Le deuxième pied, la chimie des surfaces, est également un vecteur de croissance. Il s’agit ici de contrôler ce qui se passe à l’interface entre deux liquides, ou entre un liquide et un solide, en utilisant des tensio-actifs. Cette chimie est intéressante en raison du nombre très élevé de ses applications. En cosmétique et détergence, il s’agit très concrètement de séparer la saleté du cheveu ou du tissu. Le tensio-actif, c’est ce qui fait mousser, et c’est cette mousse qui décolle la saleté. Dans l’exploration pétrolière, il faut séparer la goutte de pétrole de la roche. On peut encore citer certaines applications de peintures ou revêtements.

Le troisième pied sur lequel repose Solvay, ce sont le carbonate de soude et les peroxydes, domaines dans lesquels le groupe est leader mondial. Ces deux métiers plus traditionnels sont, à long terme, capables de contribuer à sa croissance grâce à une belle génération de cash. Ces deuxième et troisième pieds représentent chacun environ un quart de l’activité.

Vous avez qualifié ces deux métiers plus traditionnels de vaches à lait du groupe en raison de leur contribution importante au cash-flow. Quelles sont les raisons de ces belles marges récurrentes ?

Ce qui est important dans une activité, c’est la capacité à se différencier des concurrents, à bénéficier d’un pricing power. Dans les matériaux avancés, on se différencie par l’avance technologique. Dans le carbonate de soude, c’est par la qualité, la fiabilité, mais aussi par un positionnement un peu partout dans le monde. Ceci nous permet d’accompagner nos clients, avec une chaîne d’approvisionnement efficace. La différence, c’est aussi, voire surtout, la compétitivité. Dans le domaine des peroxydes, Solvay maîtrise des procédés qui lui permettent de faire mieux que les concurrents et à moindre coût.
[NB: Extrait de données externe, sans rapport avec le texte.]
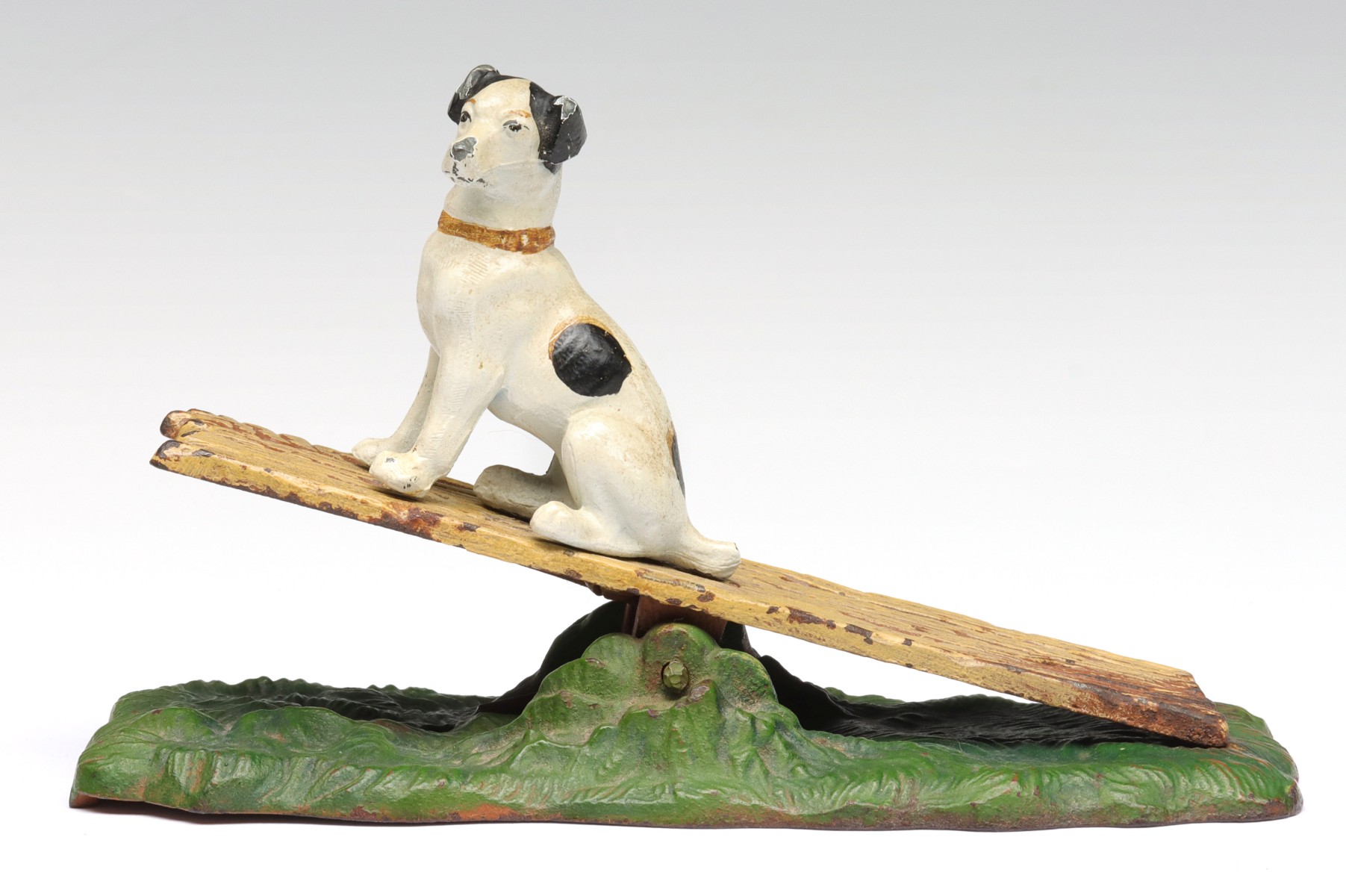 A GOOD 1920s PAINTED IRON LETTER CLIP WITH DOG
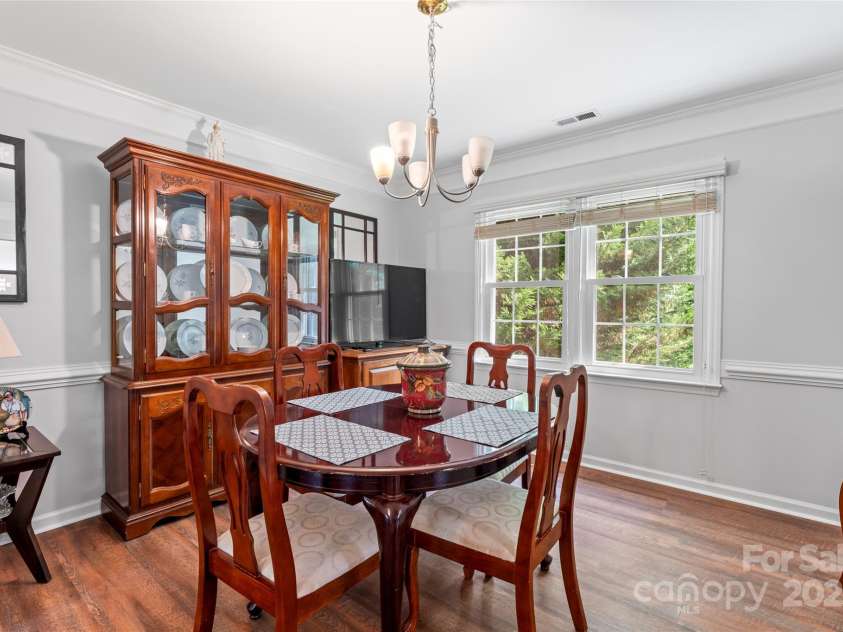 1109 Sunnyview Circle, Matthews, NC 28105.  MLS# CAR4274934, YatesRealty ID 23012. 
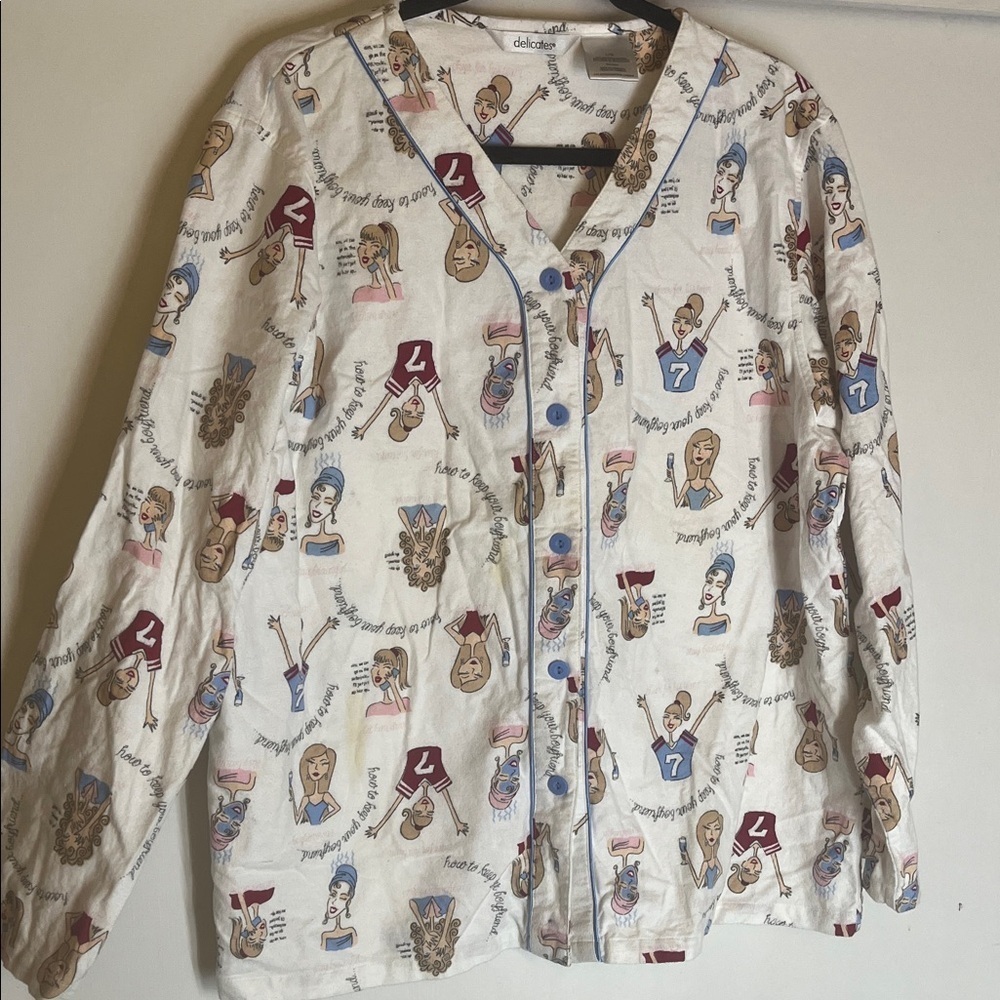Delicates Graphic flannel pajama button down top size large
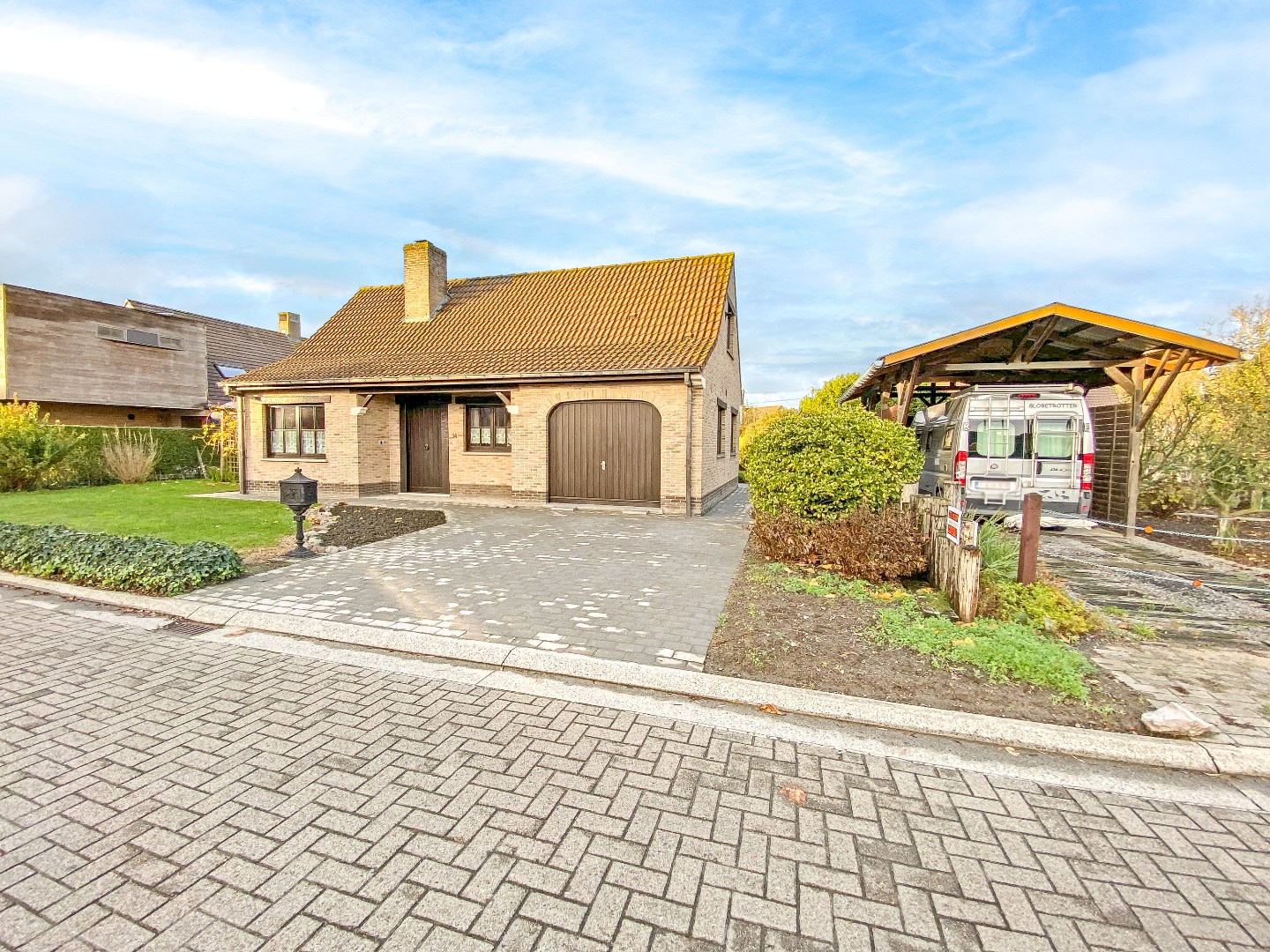 Praktische alleenstaande woning op 1198m² te centrum Veurne! 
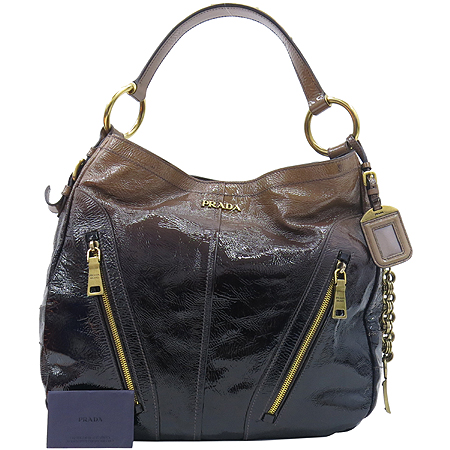 �����  �����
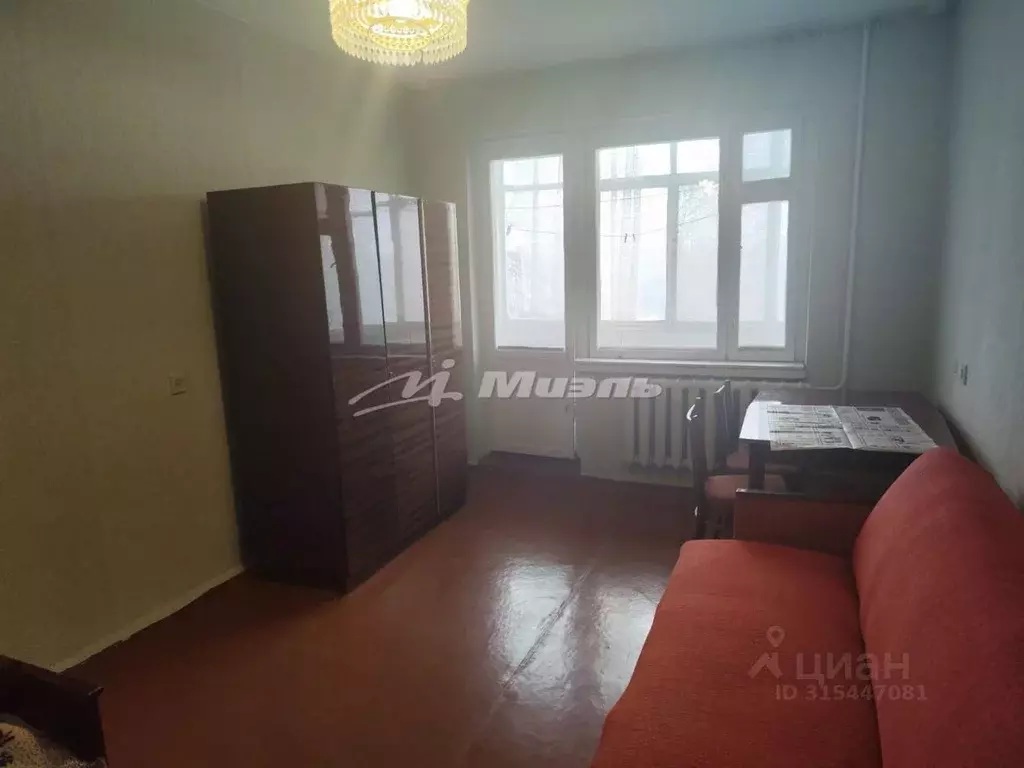 1-к кв. Крым, Симферополь ул. Маршала Жукова, 3 (33.1 м) - Фото 0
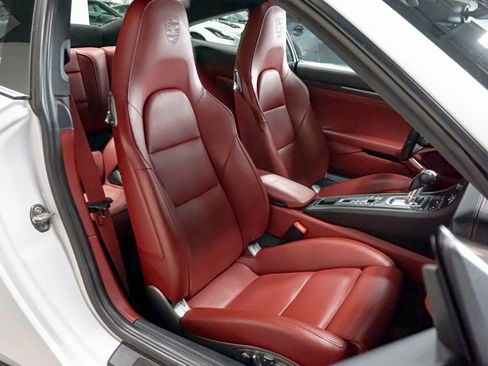 Used 2019 Porsche 911 4 Coupe image 31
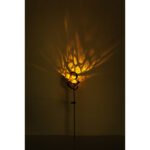 Lampă solară metal ruginie, sticlă chihlimbar, IP44, sculptură la sol cu tepus pamant. - imagine 6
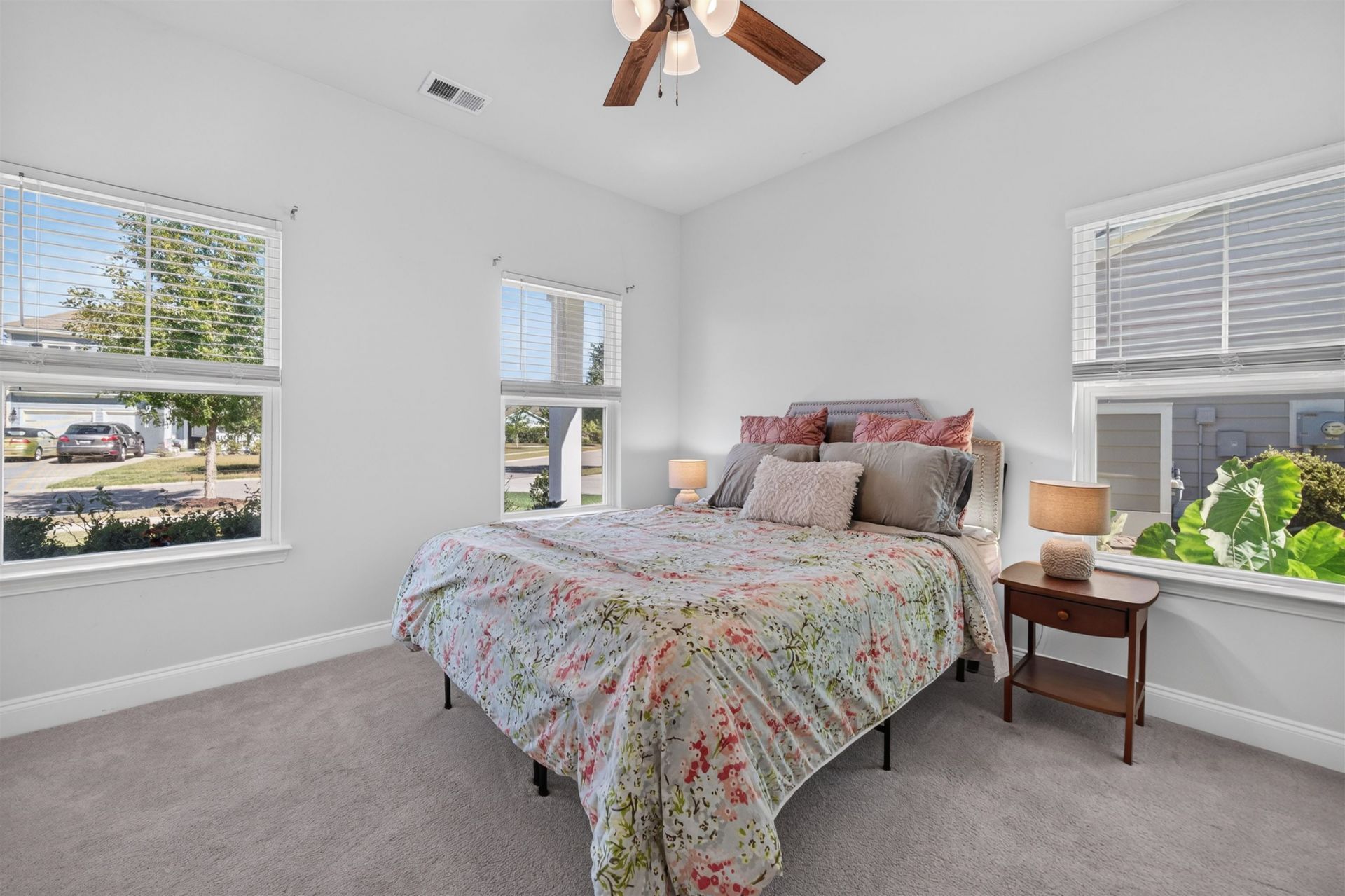 839 Summer Starling Pl. Photo 28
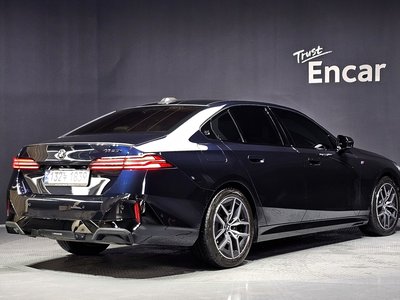 2024 BMW 5 SERIES 照片 4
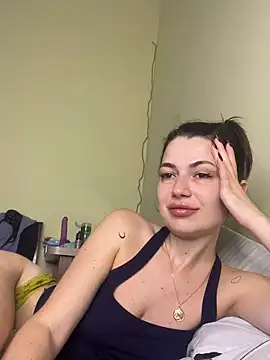 Snapshot of Cute_Erika chatting on October 2025 10:11:02 AM Cute Erika online show from October 2025 10:11:02 AM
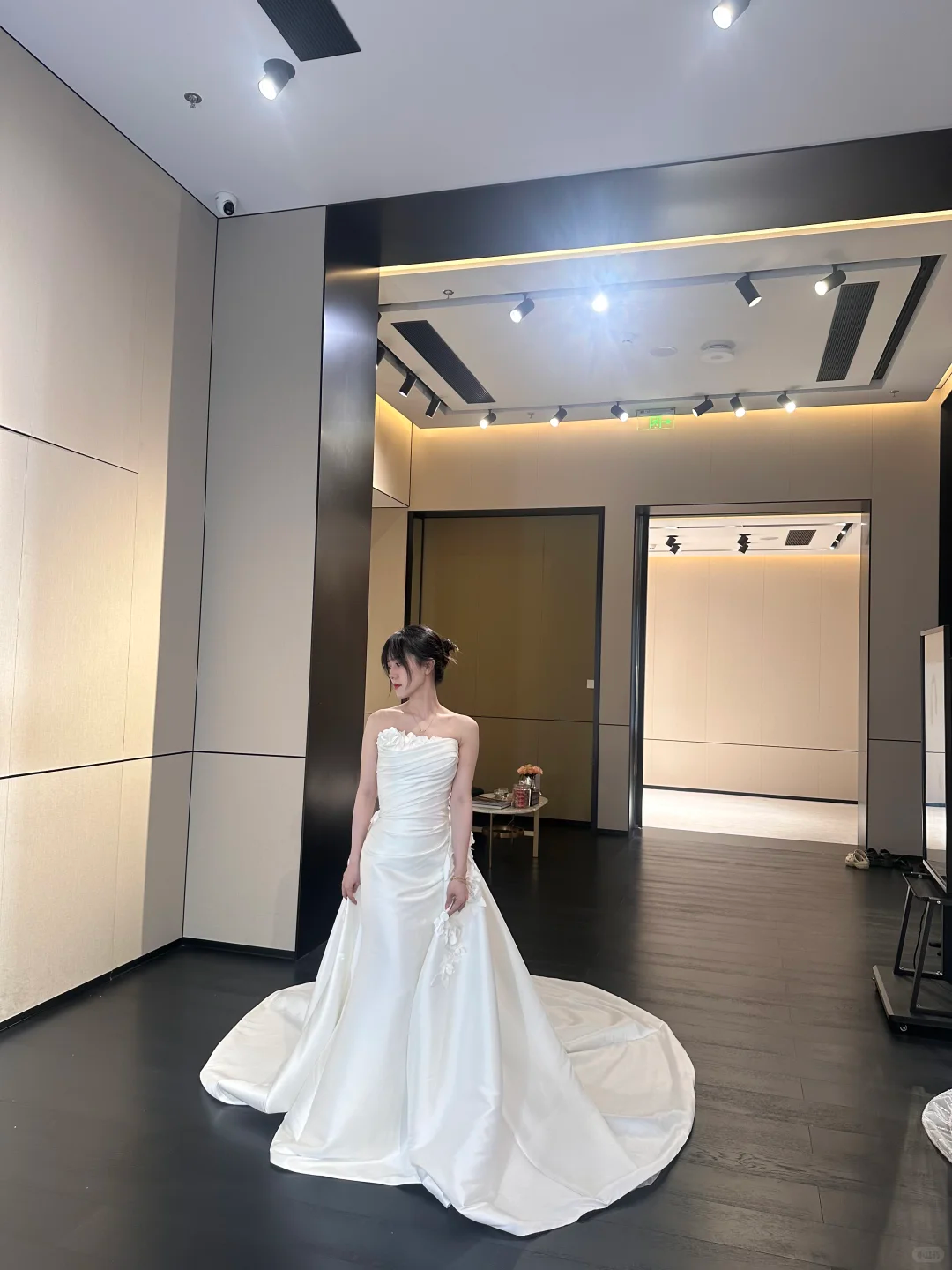 Elegant Mermaid Strapless Satin Applique Long Wedding Dresses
Moins d’administration à Bruxelles, mais plus de recherche : telle semble aujourd’hui être votre stratégie en Belgique.

Attention : des fonctions administratives et de support, il y en a partout dans le monde et cela ne signifie pas nécessairement moins de monde ici ou là. Cela étant, oui, nous voulons effectivement renforcer la vocation de notre pôle bruxellois, autour du quartier général et des autres fonctions, mais également autour de la recherche et de l’innovation. Nous avons aujourd’hui plusieurs équipes, mais pas un vrai centre de recherche. Nous allons clarifier nos ambitions sur ce terrain durant les prochains mois.